N. 01693/2023 REG.RIC.
REPUBBLICA ITALIANA
IN NOME DEL POPOLO ITALIANO
Il Consiglio di Stato
in sede giurisdizionale (Sezione Terza)
ha pronunciato la presente
SENTENZA
sul ricorso numero di registro generale 1693 del 2023, proposto dal Ministero dell’Interno, in persona del Ministro pro tempore , rappresentato e difeso dall’Avvocatura Generale dello Stato, domiciliataria ex lege in Roma, via dei Portoghesi, 12,
contro
il signor -OMISSIS-, rappresentato e difeso dall’avvocato Achille Morcavallo, con domicilio digitale come da PEC da Registri di Giustizia e domicilio eletto presso il suo studio in Roma, via Arno n.6,
per la riforma
della sentenza del Tribunale Amministrativo Regionale per la Calabria (Sezione Prima) n. 1330/2022, resa tra le parti.
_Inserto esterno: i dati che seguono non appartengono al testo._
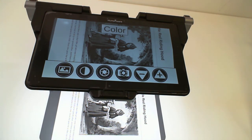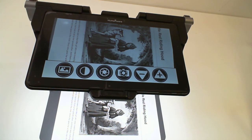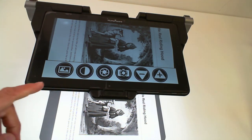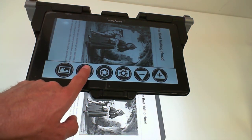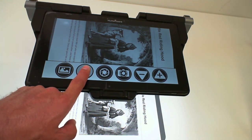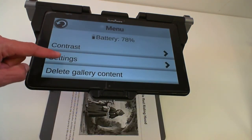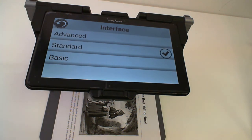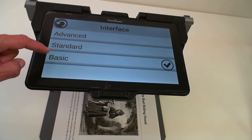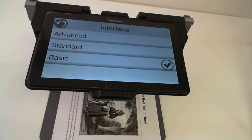This interface makes it really easy to access all the main features of Prodigy without all the fuss of setting up all the other settings. In order to change from one interface to another when you're in the Standard interface, press and hold the contrast button for approximately five seconds, then choose Settings, User Interface, Interface, and select the interface you'd like. In the next tutorial, we will go through the Basic interface. Thank you for watching.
Visti il ricorso in appello e i relativi allegati;
Visto l’atto di costituzione in giudizio di -OMISSIS-;
Visti tutti gli atti della causa;
Relatore, nell’udienza pubblica del giorno 27 marzo 2025, il Cons. Angelo Roberto Cerroni e uditi per le parti gli avvocati come da verbale;
Ritenuto e considerato in fatto e diritto quanto segue.
FATTO e DIRITTO
1. – Il sig. -OMISSIS- ha impugnato, per l’annullamento, il decreto nr. 32212 del 7 agosto 2018 emesso dal Questore della Provincia di Cosenza, con il quale è stata respinta la domanda volta al rilascio della licenza di fucile per uso tiro al volo. Il diniego questorile si fonda sul richiamo dei seguenti precedenti penali: “ a) in data 05.04.2005, risulta che l’istante sia stato deferito alla competente autorità Giudiziaria dai Carabinieri di Cosenza per stupefacenti ex art. 73 co I. Successivamente, in data 03.01.2008 la Corte di Appello di Catanzaro irrevocabile il 12.04.2008 assolve dal reato contestato perché il fatto non sussiste; b) In data 24.06.2006, l’istante è stato deferito alla competente autorità Giudiziaria da personale della Polizia di Stato di -OMISSIS-per resistenza a un pubblico ufficiale e Rifiuto di indicazioni sulla propria identità personale. In data in data 25.03.2008 il G.I.P. del Tribunale di Roma archiviava perché estinto per oblazione; c) In data 08.12.2006, alle ore 03,50, l’istante è stato controllato dai Carabinieri di Cosenza in -OMISSIS- dello stesso comune in compagnia di una persona in atti nominativamente indicata con a carico pregiudizi di Polizia per: C.D.S. guida in stato di ebbrezza alcolica con ritiro patente ”. La Questura ha sottolineato la diversità di interessi in gioco per giustificare il precedente rilascio del porto di armi per difesa personale malgrado la pregressa sussistenza dei pregiudizi di polizia.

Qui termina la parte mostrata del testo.